**Scraped caption text data:**
+ + + +
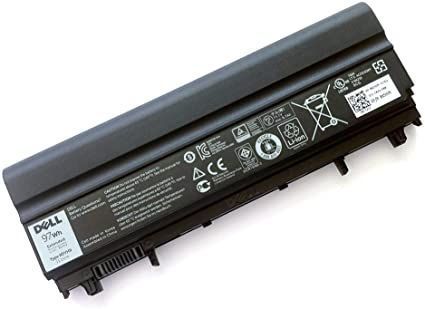 BATERIA DELL LATITUDE E5440 E5540 4 CELDAS ORIGINAL NEGRO (NVWGM)-0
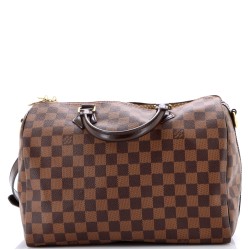 Speedy Bandouliere Bag Damier 30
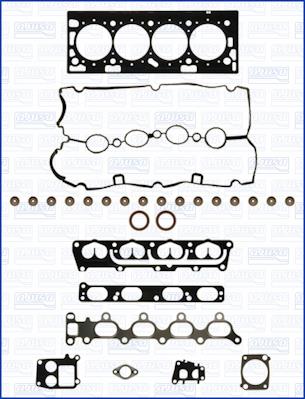 Gasket set complete Opel Vectra C: 52254100 Ajusa Gasket Set, cylinder head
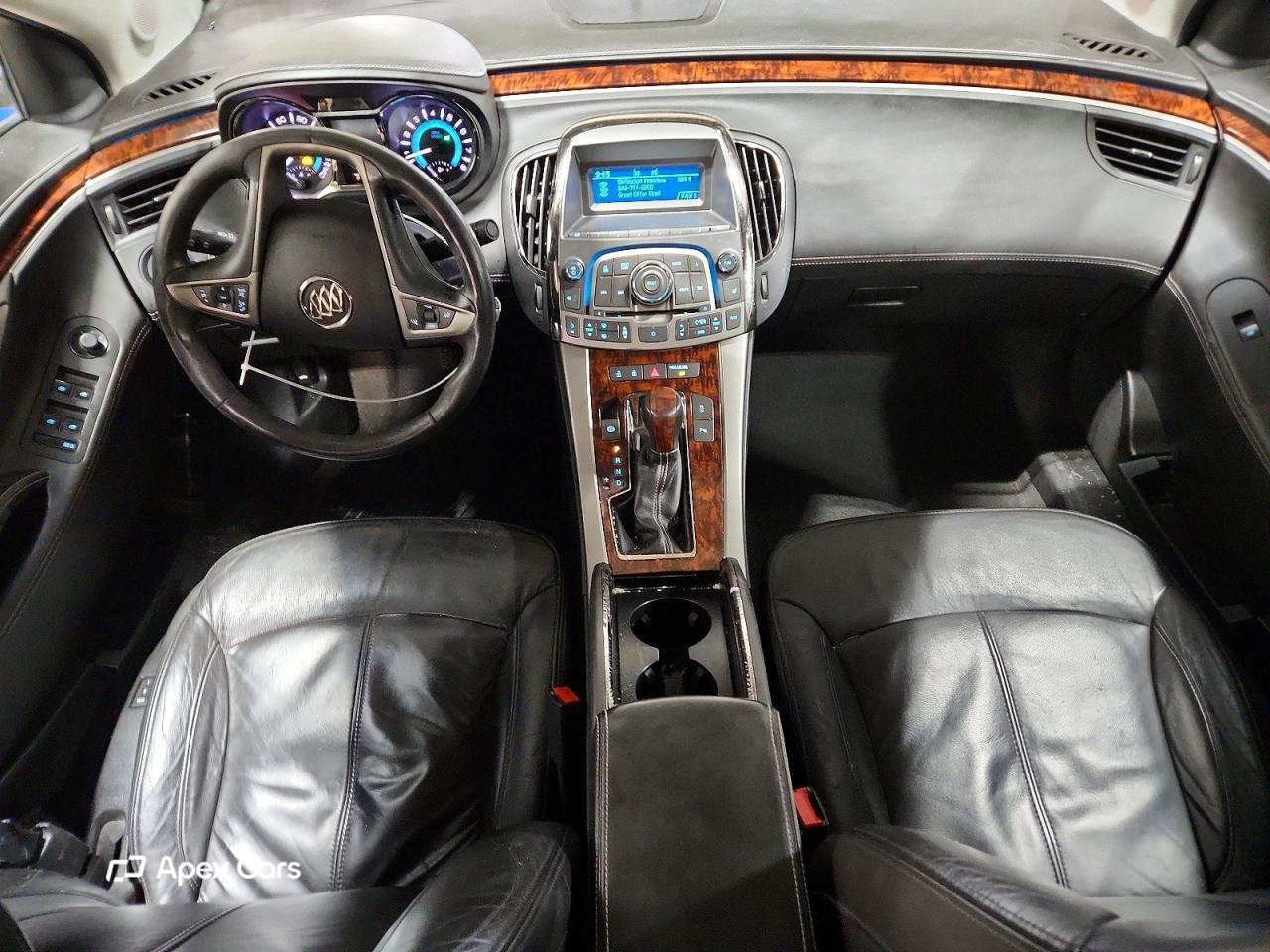Buick LaCrosse 2012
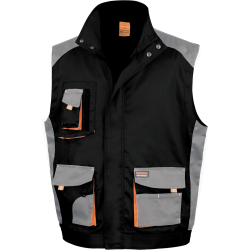 Gilet multipoches Lite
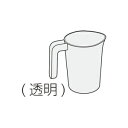 【8/25限定★抽選で2人に1人最大100%ポイントバック!要エントリー】シャープ【取り寄せ部品】ジュースプレッソ用 ジュースカップ 透明 218-325-00...
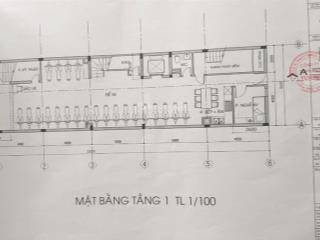 Bán toà căn hộ thô 7 tầng chưa hoàn thiện kiệt 72 phan văn định, cách biển 200m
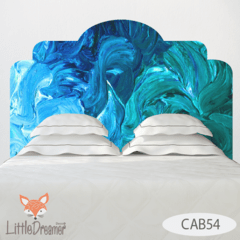 Modelo CAB54 - Little Dreamer Deco - vinilos decorativos infantiles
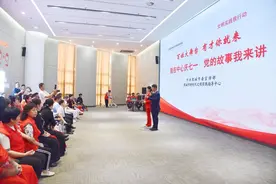 “百姓大舞台 有才你就来”——肥城市讲述党的好故事，致敬建党103周年图片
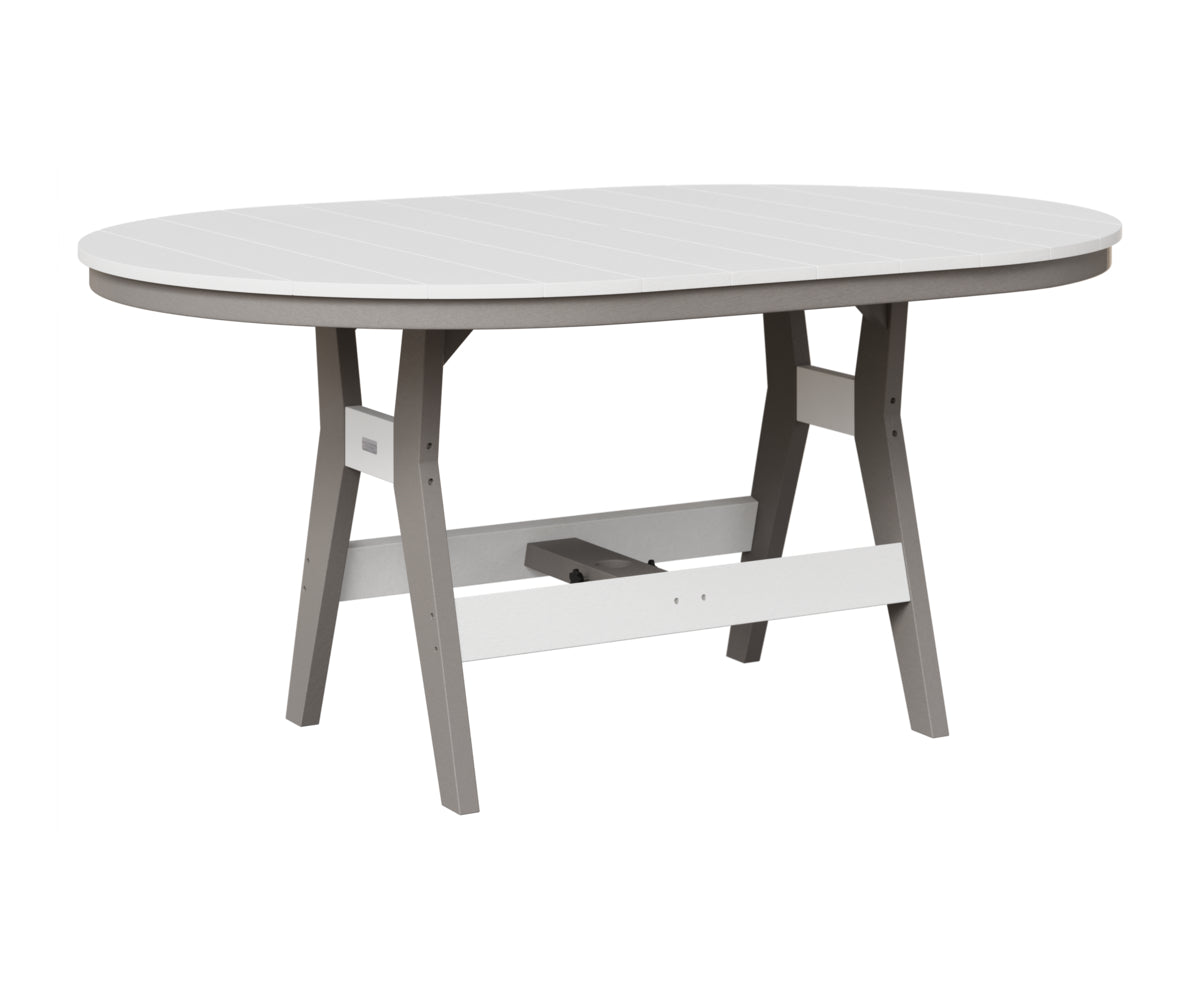 Harbor 44" x 64" Oblong Table - Dining Height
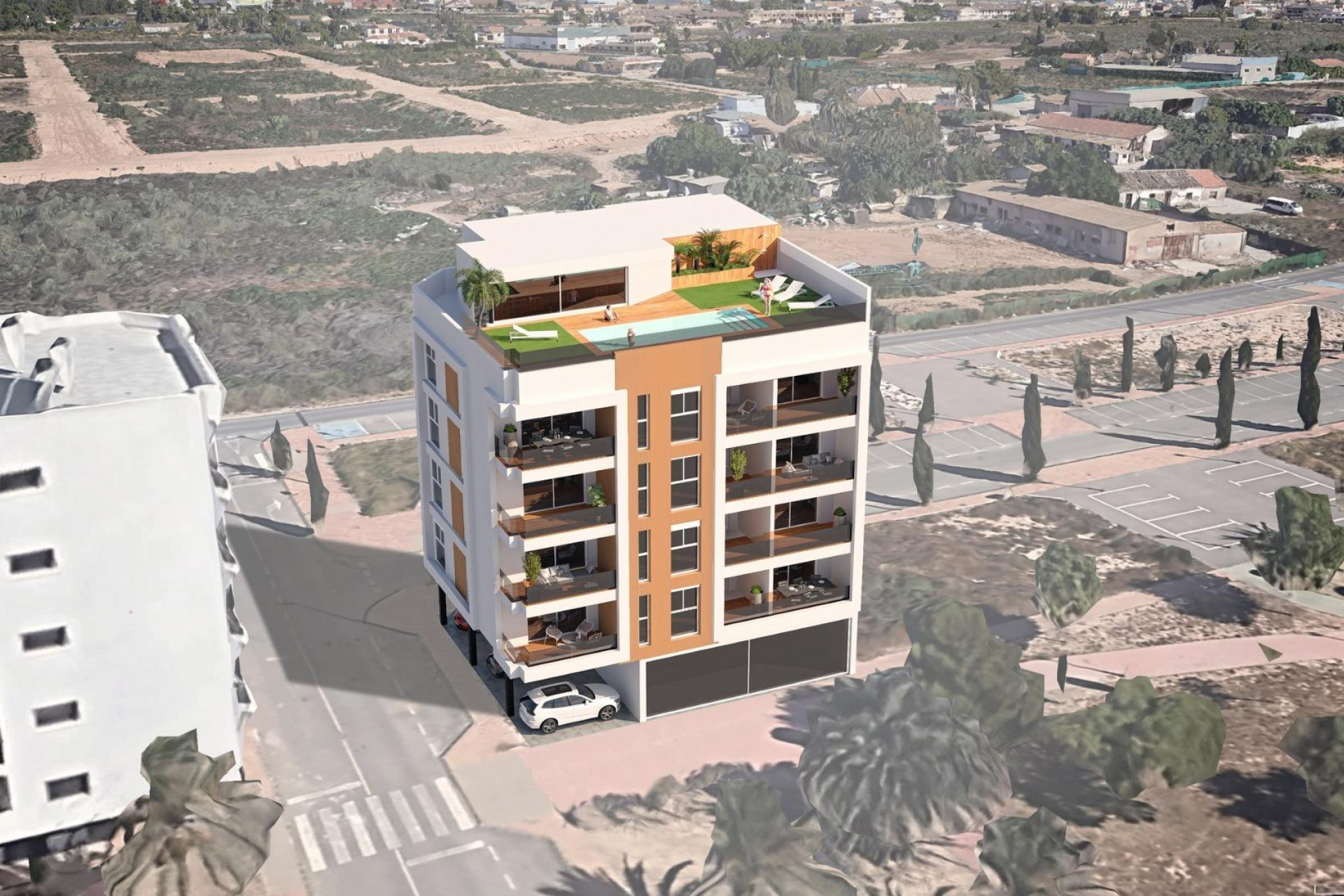 New Build - Apartment - San Pedro del Pinatar - Lo Pagan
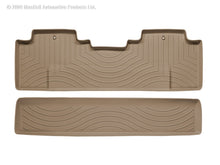 Cargar imagen en el visor de la galería, WeatherTech 06+ Honda Ridgeline Rear FloorLiner - Tan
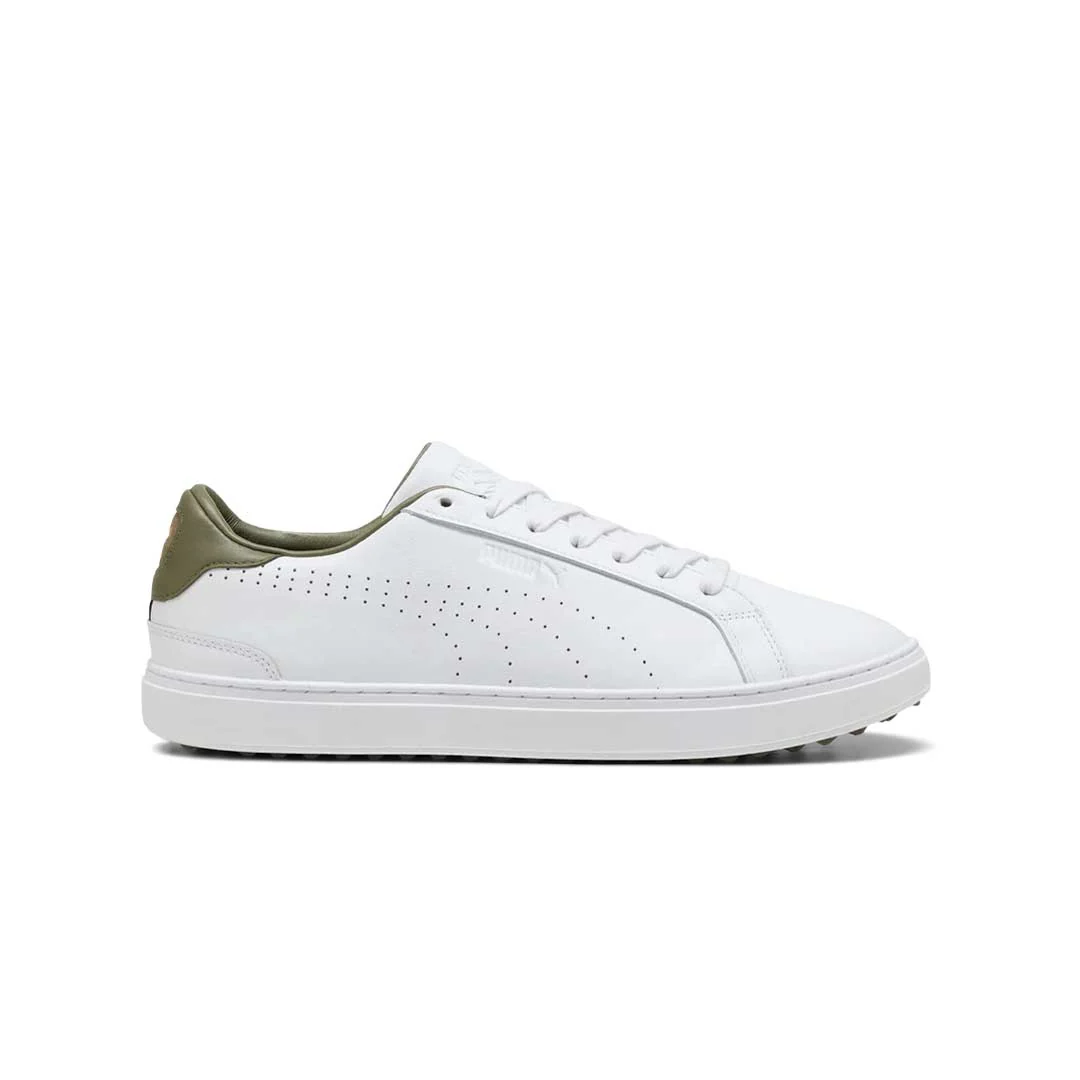 Puma - Men's Puma x AC Milan Classic G Golf Shoes (312732 01)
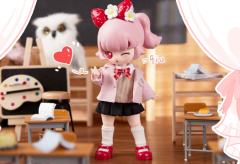 隐藏款-抹茶同学-不可动版-资料图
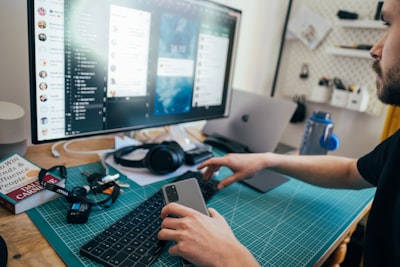 Encuentra el software personalizado perfecto para servicios profesionales en Málaga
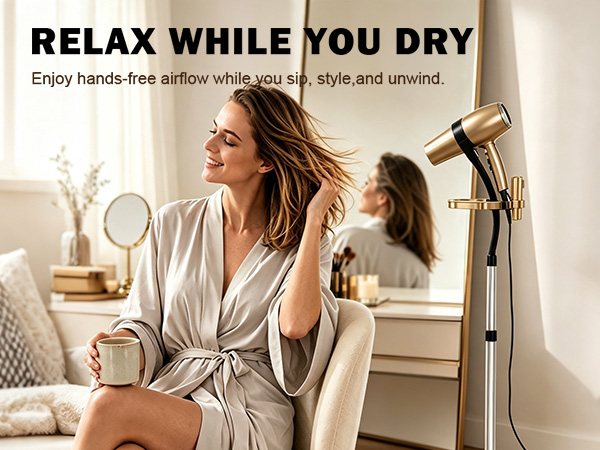 hair dryer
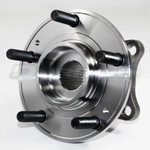 Order Rear Hub Assembly by DURAGO - 295-13266 For Your Vehicle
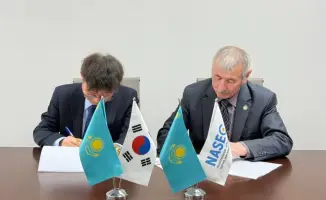 Сотрудничество Казахстана и Кореи в семеноводстве картофеля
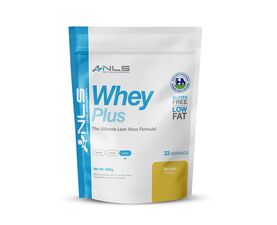 Whey Plus 1000g Bag (NLS)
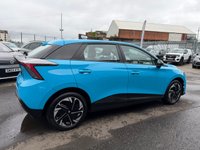 USED 2023 MG MG 4 51kWh SE Hatchback 5dr Electric Auto (170 ps) NI REGISTERED ZERO VRT FOR EXPORT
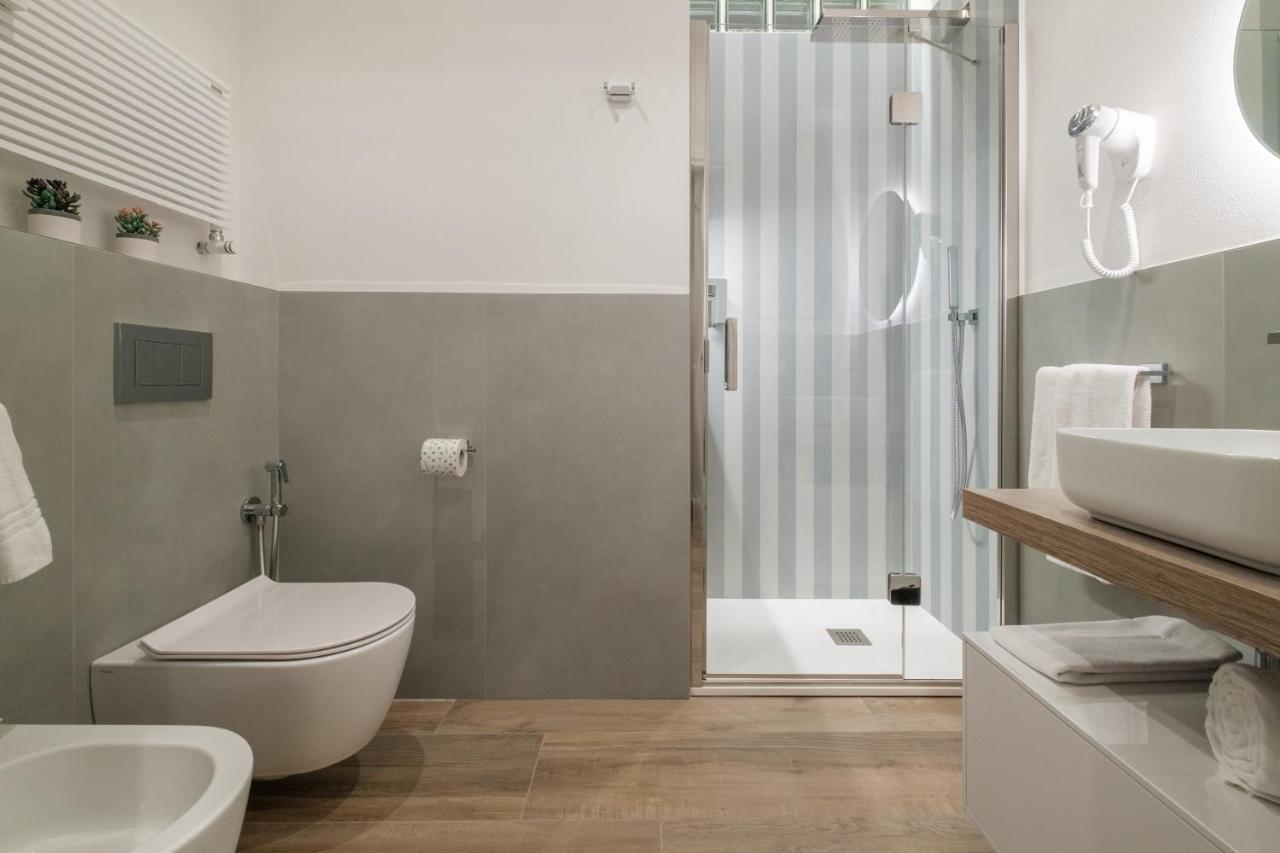 Blue Suite By Studio Vita Bologna Eksteriør billede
+ + + +
Each line of the data should be quoted exactly, with pictures left out.

**RESPONSE:**
 BATERIA DELL LATITUDE E5440 E5540 4 CELDAS ORIGINAL NEGRO (NVWGM)-0
 Speedy Bandouliere Bag Damier 30
 Gasket set complete Opel Vectra C: 52254100 Ajusa Gasket Set, cylinder head
Buick LaCrosse 2012
 Gilet multipoches Lite
 【8/25限定★抽選で2人に1人最大100%ポイントバック!要エントリー】シャープ【取り寄せ部品】ジュースプレッソ用 ジュースカップ 透明 218-325-00...
 Bán toà căn hộ thô 7 tầng chưa hoàn thiện kiệt 72 phan văn định, cách biển 200m
 Modelo CAB54 - Little Dreamer Deco - vinilos decorativos infantiles
 “百姓大舞台 有才你就来”——肥城市讲述党的好故事，致敬建党103周年图片
 Harbor 44" x 64" Oblong Table - Dining Height
 New Build - Apartment - San Pedro del Pinatar - Lo Pagan
 Cargar imagen en el visor de la galería, WeatherTech 06+ Honda Ridgeline Rear FloorLiner - Tan
 Puma - Men's Puma x AC Milan Classic G Golf Shoes (312732 01)
 隐藏款-抹茶同学-不可动版-资料图
 Encuentra el software personalizado perfecto para servicios profesionales en Málaga
 hair dryer
 Order Rear Hub Assembly by DURAGO - 295-13266 For Your Vehicle
 Сотрудничество Казахстана и Кореи в семеноводстве картофеля
 Whey Plus 1000g Bag (NLS)
 USED 2023 MG MG 4 51kWh SE Hatchback 5dr Electric Auto (170 ps) NI REGISTERED ZERO VRT FOR EXPORT
 Blue Suite By Studio Vita Bologna Eksteriør billede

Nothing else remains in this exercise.